Leroux C, Lerondelle C, Chastang J, Mornex J F
Laboratoire d'immunologie et de biologie pulmonaire, INSERM CJF 93-08, université Claude-Bernard.
Vet Res. 1997;28(2):115-21.
In this study we evaluated a reverse transcriptase polymerase chain reaction (RT-PCR) technique for detecting lentiviral infection in milk or mammary secretions from small ruminants. Initial observations on seven goats infected with cloned caprine arthritis-encephalitis virus (CAEV) showed that RT-PCR on milk cells is as reliable as coculture for detecting viral infection, and is quicker and simpler. With a suitable choice of redundant primers followed by a semi-nested amplification, it proved possible to detect the virus in milk samples from naturally infected French sheep (8/8) or goats (9/9), and viral sub-groups could be identified by hybridization with discriminatory probes. All seropositive animals gave positive amplifications, as did one seronegative goat from a contaminated herd, suggesting greater sensitivity for RT-PCR. None of eight goats from a long-established seronegative herd ever gave a positive RT-PCR amplification. This technique provides a simple means for rapidly identifying potentially infectious animals and for epidemiological investigations, as long as the primers are selected according to the genetic structure of the local viral population.

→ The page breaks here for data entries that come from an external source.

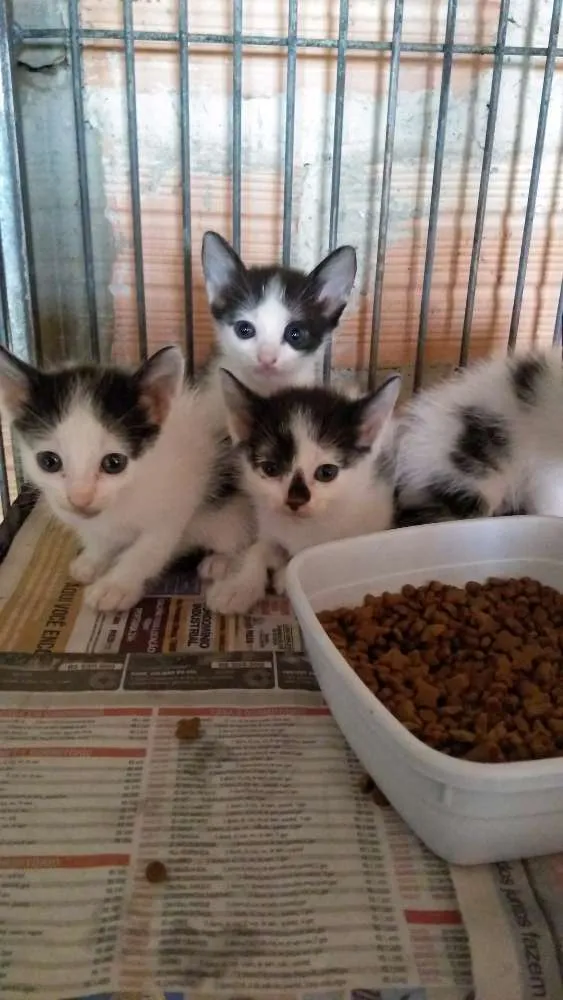 Gato ra a SRD  idade Abaixo de 2 meses nome Filhotes frajolas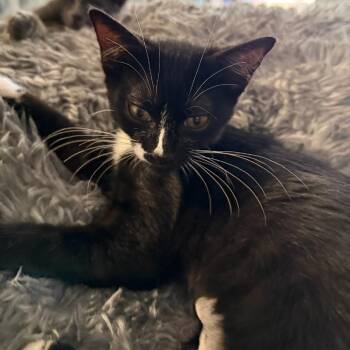 Nala -  Domestic Short Hair Cat for Adoption in Garden Grove, California - Nala | PetCurious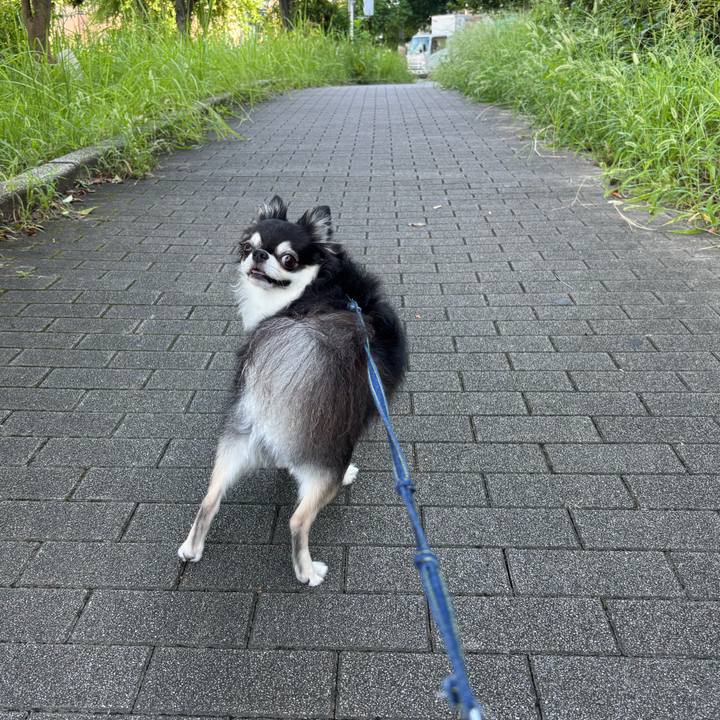 830e23e9 a669 4347 b8ea fd94285994e0 1757265814895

在本研究中,我们评估了一种逆转录酶聚合酶链反应(RT-PCR)技术,用于检测小型反刍动物乳汁或乳腺分泌物中的慢病毒感染。对七只感染克隆山羊关节炎-脑炎病毒(CAEV)的山羊的初步观察表明,对乳细胞进行RT-PCR检测病毒感染与共培养一样可靠,而且更快、更简单。通过适当选择冗余引物并进行半巢式扩增,已证明有可能从自然感染的法国绵羊(8/8)或山羊(9/9)的乳汁样本中检测到病毒,并且可以通过与鉴别探针杂交来鉴定病毒亚群。所有血清阳性动物均给出阳性扩增结果,来自受污染畜群的一只血清阴性山羊也是如此,这表明RT-PCR具有更高的灵敏度。来自长期血清阴性畜群的八只山羊中,没有一只RT-PCR扩增呈阳性。只要根据当地病毒种群的遗传结构选择引物,该技术就能为快速识别潜在感染动物和进行流行病学调查提供一种简单方法。